Marking vowels as consonants

Some of the algorithms begin with a step which puts letters which are normally classed as vowels into upper case to indicate that they are to be treated as consonants (the assumption being that the words are presented to the stemmers in lower case). Upper case therefore acts as a flag indicating a consonant.

For example, the English stemmer begins with the step

Set initial y, or y after a vowel, to Y,

giving rise to the following changes,

youth	→	Youth
boy	→	boY
boyish	→	boYish
fly	→	fly
flying	→	flying
syzygy	→	syzygy

This process works from left to right, and if a word contains Vyy, where V is a vowel, the first y is put into upper case, but the second y is left alone, since it is preceded by upper case Y which is a consonant. A sequence Vyyyyy... would be changed to VYyYyY....

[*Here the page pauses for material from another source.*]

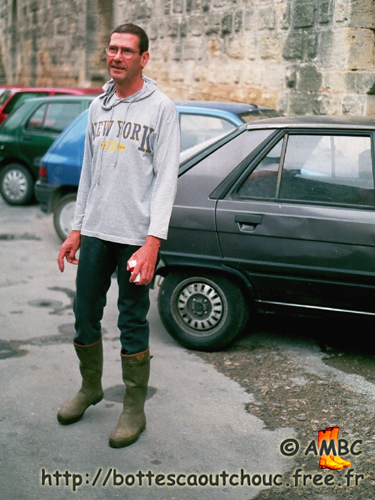 Jean-Pierre in Aigues-Mortes. Gummistiefel, bottes caoutchouc, rubber boots.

The combination yy never occurs in English, although it might appear in foreign words:

sayyid

→

saYyid

(A sayyid, my dictionary tells me, is a descendant of Mohammed's daughter Fatima.) But the left-to-right process is significant in other languages, for example French. In French the rule for marking vowels as consonants is,

Put into upper case u or i preceded and followed by a vowel, and y preceded or followed by a vowel. Put u after q into upper case.

which gives rise to,

ennuie		→		ennuIe
inquiétude		→		inqUiétude

In the first word, i is put into upper case since it has a vowel on both sides of it. In the second word, u after q is put into upper case, and again the following i is left alone, since it is preceded by upper case U which is a consonant.